The Friday Afternoon Club by Griffin Dunne review – Hollywood tales

The Friday Afternoon Club by Griffin Dunne review – Hollywood tales

A fond but frank memoir of an eccentric showbiz family shaped by tragedy

Early in this deft and multifaceted family memoir, Griffin Dunne admits that he has been known to tell the odd tall tale. His father was the journalist and author Dominick Dunne, and his aunt and uncle Joan Didion and John Dunne, so while most children might fabricate a story about an imaginary trip or pet, for example, Dunne’s family was privileged enough that he could invent a casual encounter with Jackie and John Kennedy at church and have it be believable. “I had been brought up on stories told by people who loved to tell stories,” he writes.

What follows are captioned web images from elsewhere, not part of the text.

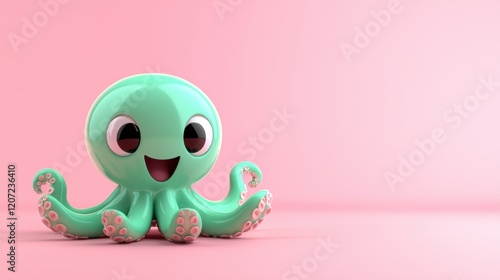 Playful cartoon octopus pink background digital art whimsical close-up fun character design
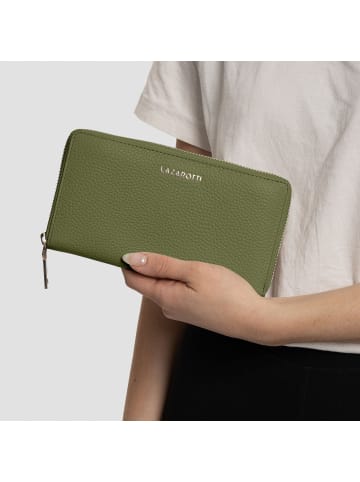 Lazarotti Bologna Leather XL Zip-Around Geldbörse Leder 19 cm in olive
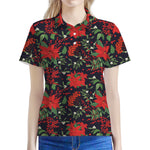 Poinsettia Flower Pattern Print Women's Polo Shirt
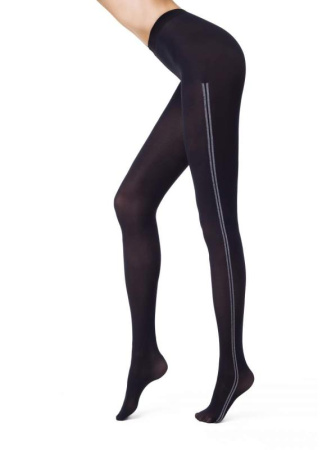 Колготки с лампасами из люрекса MOVE Lycra, р.3, Nero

And while he quickly learns not to trust anything he has heard, particularly from his father, the lies peel away to reveal a generous, starry book that veers into deeper emotional waters than your standard chronicle of well-connected Hollywood life.

Dunne is merely the latest in a long line of raconteurs and characters. There was the great-great-uncle who died in flagrante with his mistress on a yacht – his body was dressed in pyjamas and moved back to his hotel room on dry land, where his wife was told he had died in his sleep. There was the great-great-aunt who wed her lover just in time for them to attend her previous husband’s funeral as a married couple. But they are just the warm-up act for his immediate family: his father Dominick, his mother Ellen, or Lenny, and his siblings Alex and Dominique. The Friday Afternoon Club is named after the informal gatherings of actors Dominique would host each week. After she starred in Poltergeist, her career was very much in the ascendant when she was killed by a violent ex-boyfriend at the age of 22. Her death means the book dramatically shifts register about halfway through.